What to produce: Write out the lines of the material below exactly, beginning at the line with "Man in white" and stopping after the line with "Montre avec bracelet", and leave out the pictures.

Information:

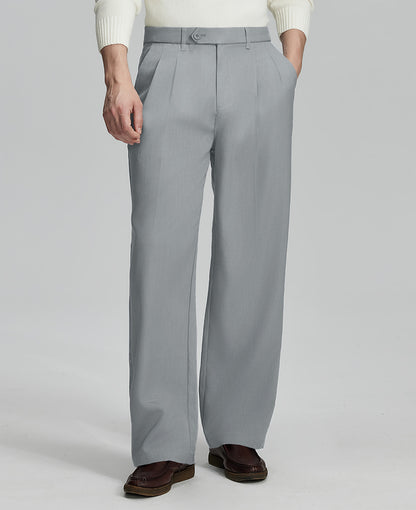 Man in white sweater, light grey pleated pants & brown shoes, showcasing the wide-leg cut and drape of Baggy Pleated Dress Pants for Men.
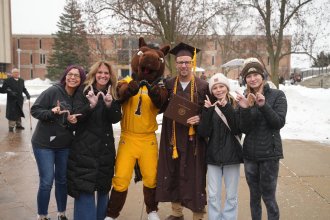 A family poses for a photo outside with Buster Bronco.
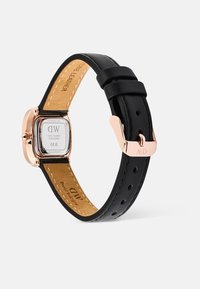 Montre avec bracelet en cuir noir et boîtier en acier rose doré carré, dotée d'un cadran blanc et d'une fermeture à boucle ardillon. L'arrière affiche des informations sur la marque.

--

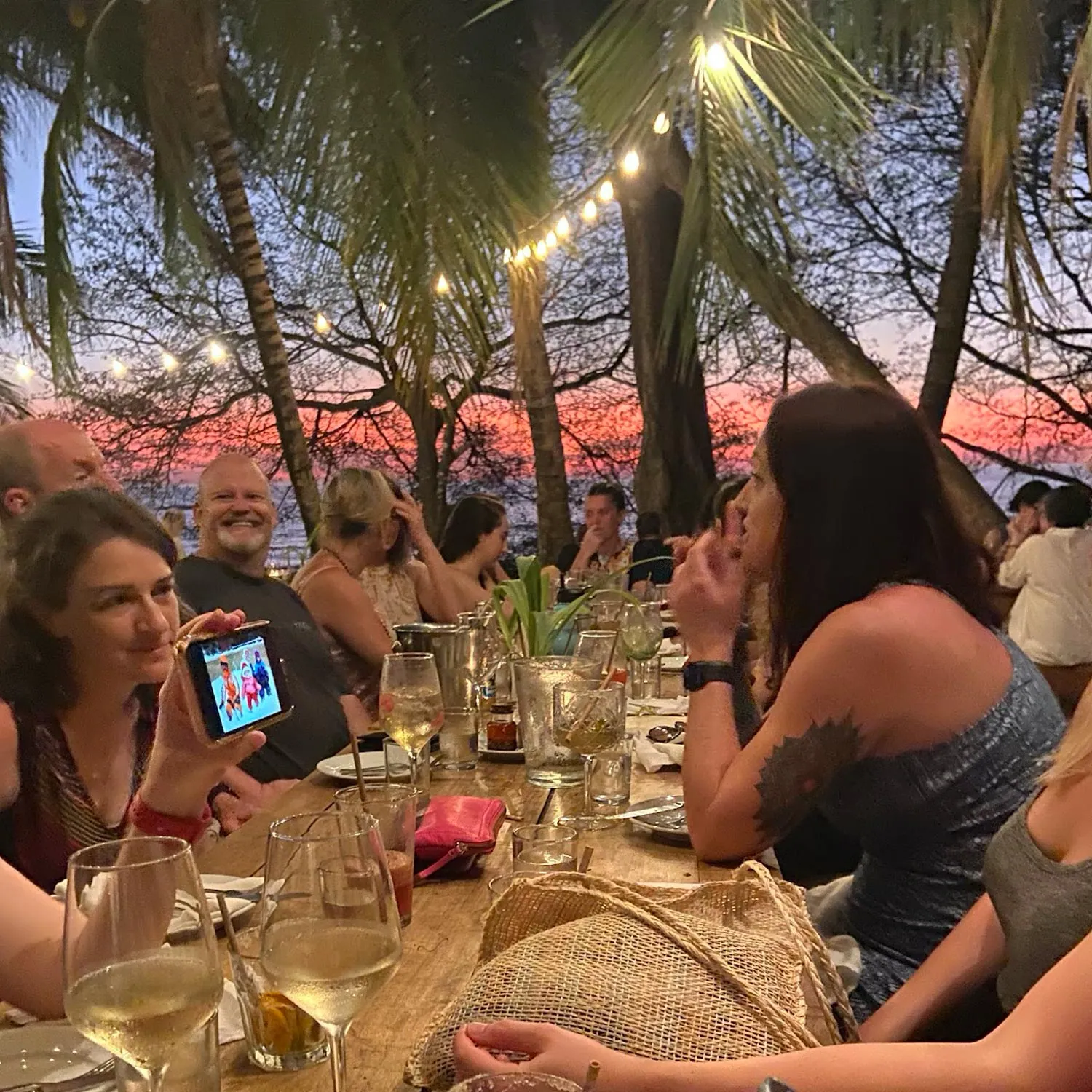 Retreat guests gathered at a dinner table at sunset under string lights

==

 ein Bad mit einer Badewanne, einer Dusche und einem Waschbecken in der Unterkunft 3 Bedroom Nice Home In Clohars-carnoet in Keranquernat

Completed task:
 Man in white sweater, light grey pleated pants & brown shoes, showcasing the wide-leg cut and drape of Baggy Pleated Dress Pants for Men.
 A family poses for a photo outside with Buster Bronco.
 Montre avec bracelet en cuir noir et boîtier en acier rose doré carré, dotée d'un cadran blanc et d'une fermeture à boucle ardillon. L'arrière affiche des informations sur la marque.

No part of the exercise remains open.